A mixture of the two, I sat in my seat on my very first airborne trip with sweaty palms clutched together tightly, and my face pressed against the window watching in awe as the world, once surrounding me, grew smaller with each passing second. Soon enough the plane was inside the clouds. INSIDE! I was so tickled with excitement I can’t even count the number of times I turned to my neighbor with wide eyes and an even wider smile.
Reminisce With Me
My destination was Rolla, MO via a direct flight from Boston, MA to St Louis, MO where I would be picked up by my friend, Brian, to drive the remainder of the way. Before purchasing the ticket I researched model 747 planes (but steered clear of crash reports), causes of turbulence, and remedies for air sickness. Then I started taking Airborne to “boost my immune system” as a friend had suggested to aid in not catching a cold on the plane.
I packed and repacked my black ADIDAS gym bag with all the essentials (most of which were never even used) to carry onto the plane with me so, you know, my bag wouldn’t end up in Texas or Florida. I chose a direct flight, despite the higher price, to obviously avoid getting lost myself at the layover airport and missing the connecting flight and getting stuck at that airport forever with absolutely no way of getting either back home or to Rolla. Oh my active little imagination!
It was a rainy, mid-November flight so I missed out on the spectacular view my window seat would have afforded me. But, I did experience the exhilaration of turbulence! On solid ground I am not biggest fan of carnival rides, especially roller coasters, so, queasiness aside, I was amazed at how much enjoyment I felt from a shaky flight.
Above all emotions soaring through me those first 3 hours in flight, I was thrilled to see the person I took this first flight for. Brian is man I’d met over the summer on Cape Cod during a routine shift serving cocktails and stuffed quahogs to karaoke-singing tourists. The relationship was short but the feelings were intense and genuine, so we kept in touch at summer’s end when we both went away to college. After months of phone and instant messenger conversations Brian convinced me to buy a plane ticket to visit him.
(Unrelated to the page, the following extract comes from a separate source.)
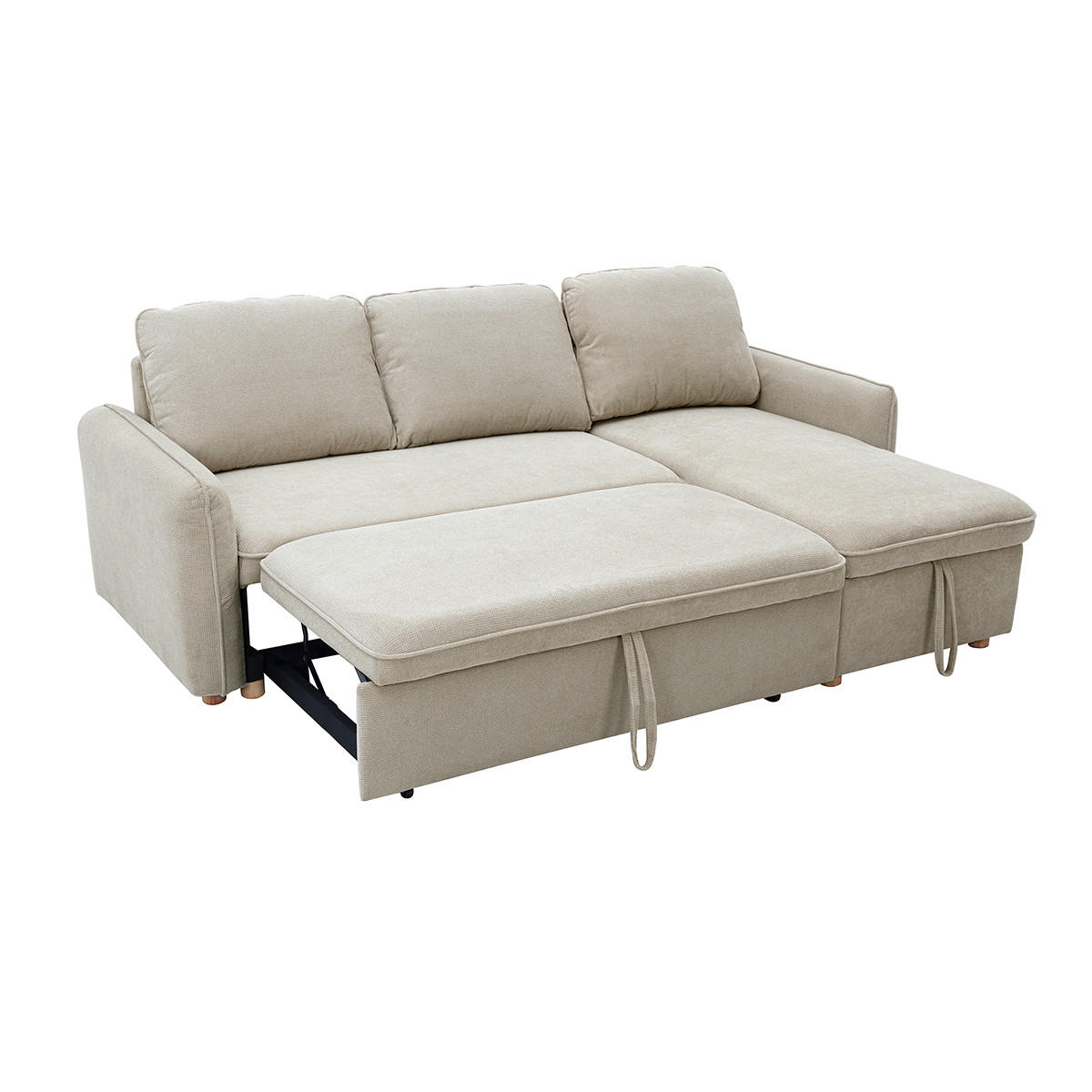 ECKSOFA mit umkehrbarer Schlaffunktion und Stauraum, 3-Sitzer in strukturiertem Samt-Optik Stoff beige und hellem Holz ORSO - Beige, Textil (139.5/83/212cm) - Miliboo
I needed convincing because I was a little afraid of flying, of actually being suspended up to 7 miles above the ground inside a giant machine that, with wingspan, will not fit within the bounds of an NFL football field. I think I was more afraid, though, of screwing it up big time, which is apparent in my lost luggage and missed connecting flight scenario I had imagined. I was also afraid of getting airsick, or someone getting sick on or near me, a phobia I’ve had since childhood. This I blame on my little brother and classmates who just had no self control! Hmph.
The Travel Tingles
Up until this flight to St Louis, cars, buses, subways, or ferries got me to where I wanted to go, which was really no further than the greater northeast region of the US. Oh, and Montreal, Canada once or twice. Every new place I visited I would feel a little tingly on the bottoms of my feet, and super giddy and a little nervous, too.
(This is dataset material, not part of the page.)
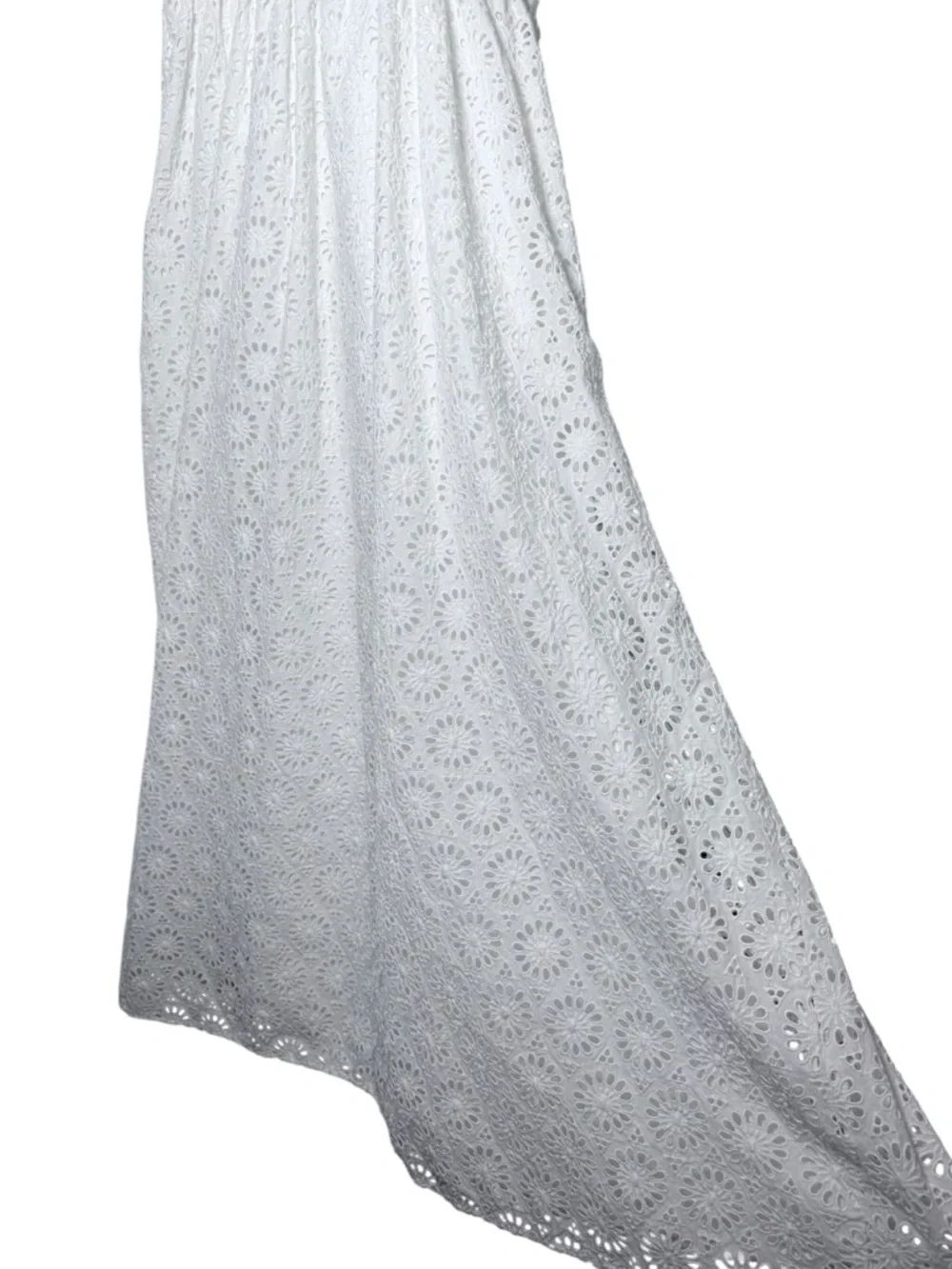 J. Crew Ruffle Sleeve Maxi Dress in Eyelet White‎ NWT Size 6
I got the same tingling sensation on the bottoms of my feet when I stepped off the plane at the St Louis airport. Only this time it was electric and it coursed through my body making me jump up and down, holding Brian’s hands, saying over and over “I’m in St Louis! I’m in Missouri!” Brian mirrored my actions, jumping in place saying “You’re in St Louis! You’re in Missouri!” His excitement for my presence just fueled mine even more making me jittery.
The difference between these tingles and the others was the realization that I had just been magically transported half way across the country in a mere 3 hours. It literally blew my mind. Had I driven the 1200 miles to St Louis, in a straight shot, it would have taken 18 hours. I didn’t own a car back then, so my transportation method of choice would have been bus or train which would have summed up to nearly 2 whole days of traveling. Flight is a wondrous thing, why had I waited so long!?
I never shared these tingly feelings with anyone in fear of being thought of as silly. It never seemed like such a big deal to anyone else, so I’ve always basked alone in the glowing euphoria.
So much of my life and who I am today has been fostered from this one pivotal experience. This maiden voyage was the exact point when the travel bug truly became a driving force in my life. My need to see new places, confidence in myself to face fear and overcome obstacles, and my choice in college education, and thus the trajectory of my career, were all influenced by this one trip to St Louis. I couldn’t possibly have more gratitude for Brian’s stubborn refusal to never see each other again, and his endless encouragement to “just get on that plane!”
An and Ria were both held back by fear. An’s own fear and Ria’s suppport of her husband’s fears kept them from flying until they were in their 70’s. I wonder if their trip together to Barcelona sparked some latent wanderlust in them, too.